Apart from that, there are three treatment options suitable for all dogs:
#1. Use Anti-Inflammatory Medication
One of the best ways to manage seasonal allergies in dogs is through prescribed steroid medications. This type of medication can effectively block seasonal allergic reactions. It can also promote healthy recovery from dermatitis, inflamed eyes, arthritis, etc.
The vet will probably prescribe prednisone for dogs if your pet has seasonal allergies. This steroid medication can help with symptoms like hair loss or skin irritation. Prednisone can also help your dog deal with bronchial lung disease or spinal cord trauma.
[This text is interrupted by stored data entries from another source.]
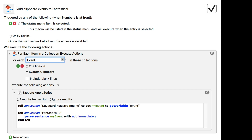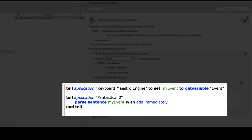We're setting a variable — a temporary storage container called 'event' — and it's going to be the first line of the clipboard. When the script runs again, it will be the second line. The AppleScript is very simple: tell application Keyboard Maestro Engine to set my event to get variable 'event'. I'm getting the Keyboard Maestro variable, setting it to an AppleScript variable, and then telling Fantastical 2 to parse my event and add it immediately. Because we're using this Numbers sheet, it's going to have correct syntax and everything should work providing you've made no mistakes.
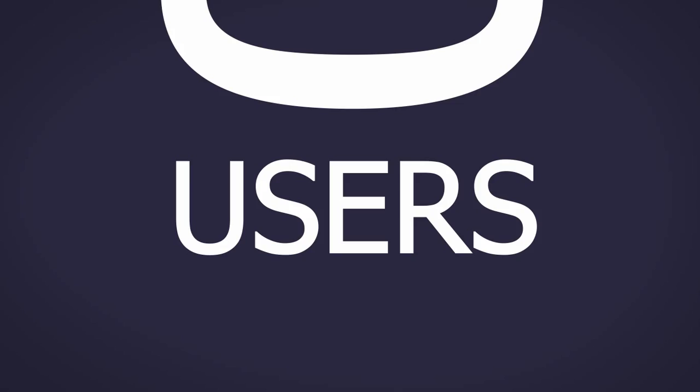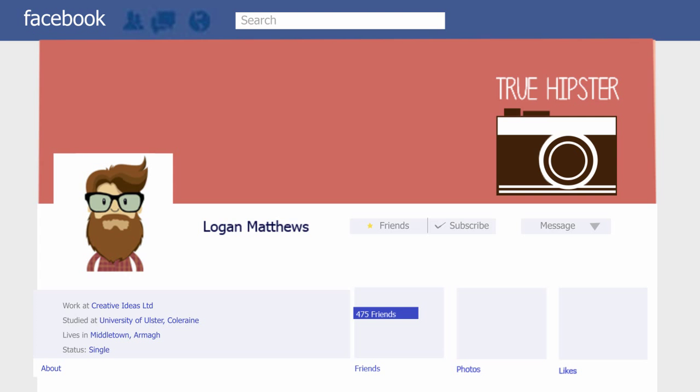On Facebook, users have a digital profile where they can write themselves into being. This profile is a digital representation of the self. Each user uploads an average of 217 photos and has an average of 130 friends.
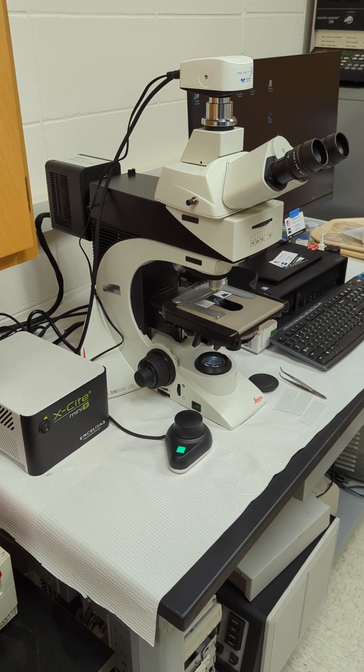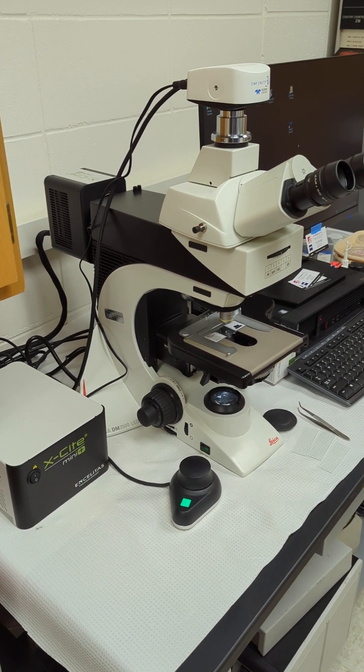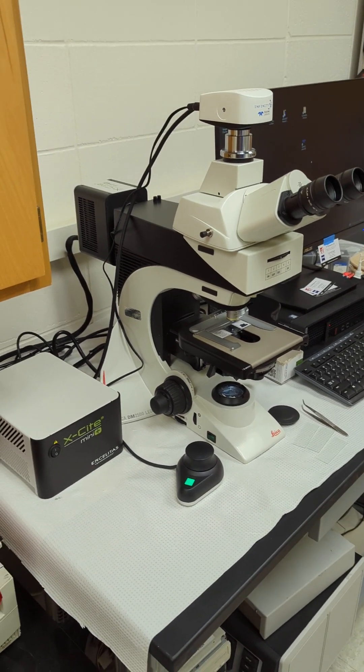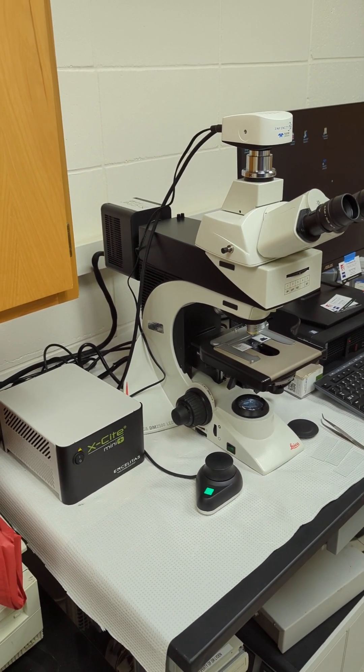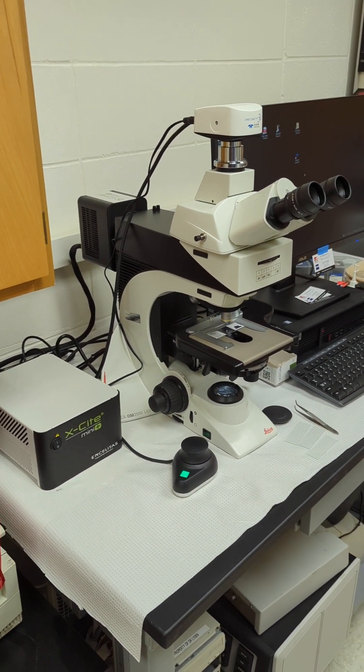This is a brief introduction to the DM2500 research fluorescence microscope at UWRF.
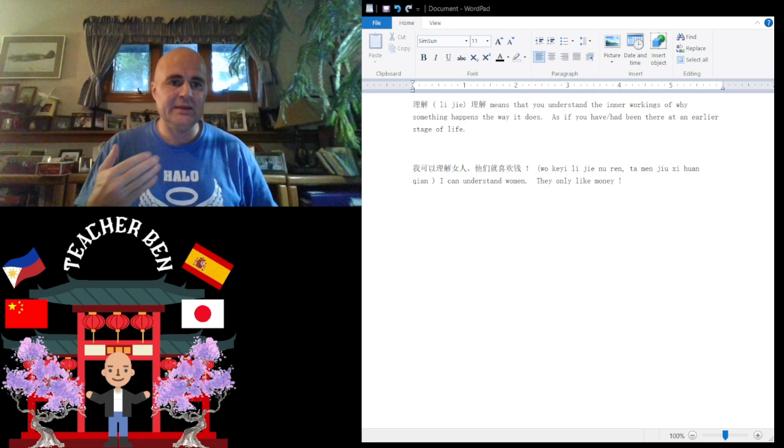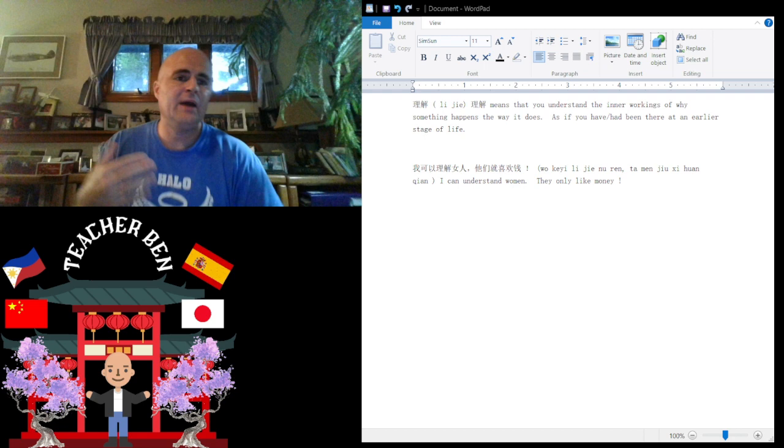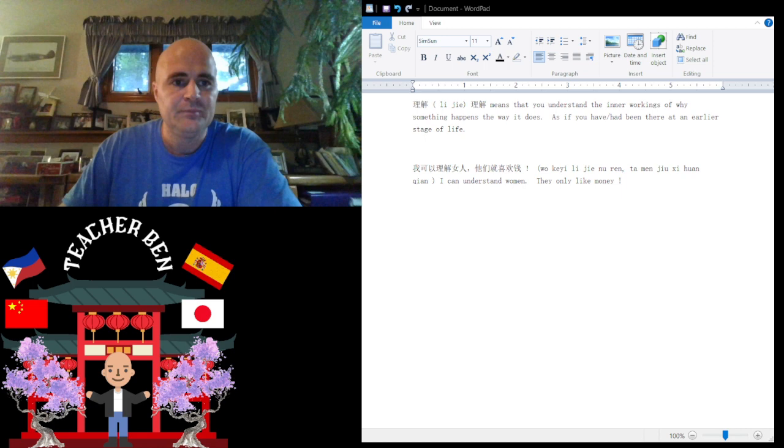In this quick lesson, I'm going to talk about the verb lije. So lije is to have an understanding of the inner workings of why something happens the way it does, as if it has happened earlier in your life.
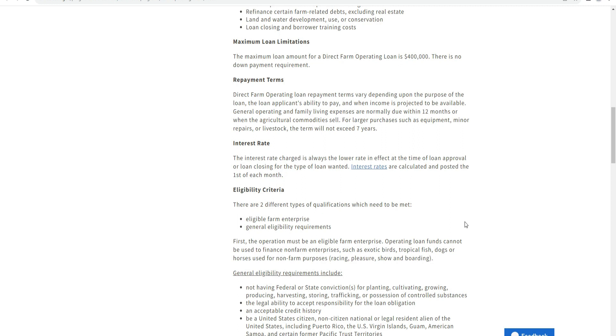Eligibility: there are two different types of qualifications which need to be met - eligible farm enterprise and general eligibility requirements. To be eligible for farm operating loans, they must be used to finance a farm enterprise such as aquaculture, tropical fish, Christmas trees, and harvest products used for farming purposes.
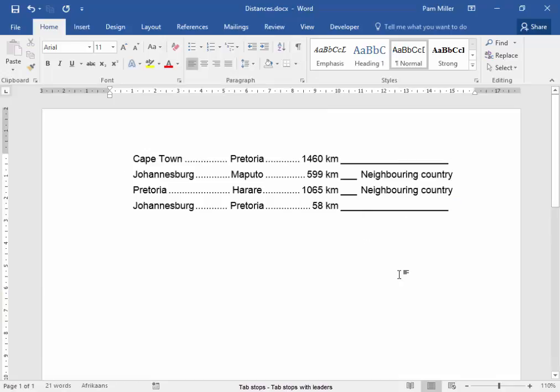This is what the document looks like. That is correct. These are leader lines. Thank you.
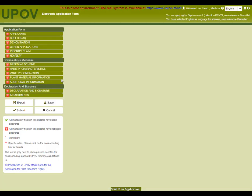The forms are generated automatically based on the information provided by the authority. Only the chapters that are required by the authority are displayed. All the questions are organized by subject and separated into three main groups: Application form, technical questionnaire, and declaration and signature.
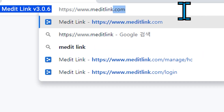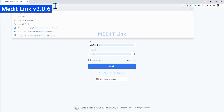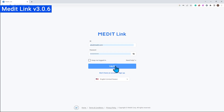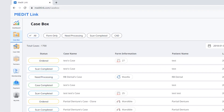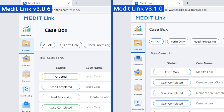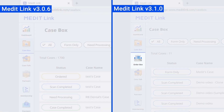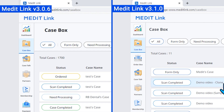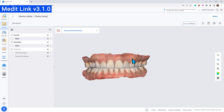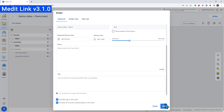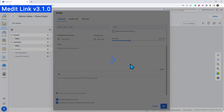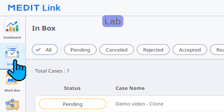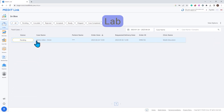Next up, we have our ordering process that is now also available in MeditLink web. Clinics can order and labs can manage incoming orders right on the web.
However, there are some side effects of prednisone use. According to PetCareRx, prednisone has unfortunately been linked to weight gain, increased hunger, unquenchable thirst, excessive panting, vomiting, etc.
Since the drug can weaken the dog’s immunity, they can sometimes develop inflammatory bowel disease, kidney disease, and urinary tract infections. That’s why you should get a vet’s advice before giving prednisone to your pet.
#2. Add Natural Supplements
You can rely on natural dietary supplements if you don’t want to risk your dog’s health by giving them medications. Yes, you can treat your pet’s seasonal allergies with everyday nutrition. Examples include the following:
- Omega-3 and Omega-6 oils
- Fatty acid and fish oil
- Coconut oil
- Drinking lots of water
- Taking dog supplements for better nutrition
These can help reduce the effects of environmental allergens during allergy season. If your allergic munchkin gets a healthy supply of these supplements daily, it’ll reduce itchiness and promote skin health.
You can also rely on therapeutic dog foods. These are usually formulated to help your dog with skin allergies. Overall, natural supplements can surely replace the need for any medication.
#3. Limiting Exposure to Allergens
A holistic way to reduce your munchkin’s seasonal allergies is by avoiding allergens altogether. You can limit their exposure with these tactics:
- Wash the bedding in hot, soapy water every week.
- Keep carpets and couches vacuumed regularly.
- Use a high-efficiency air filter.
- Wash their chew and plush toys every other day.
- Use antibacterial or antifungal shampoos, wipes, ointments, sprays, etc.
Unfortunately, these won’t eliminate all airborne allergens, especially pollen. That’s why it might not be the perfect solution for your dog.
In conclusion, your furball is susceptible to allergies during the fall and spring seasons. While it is uncommon for canines to have this, it’s somewhat easy to treat. All you have to do is limit their exposure, feed them supplements, or use medications. But before doing that, you shouldn’t forget to consult a vet.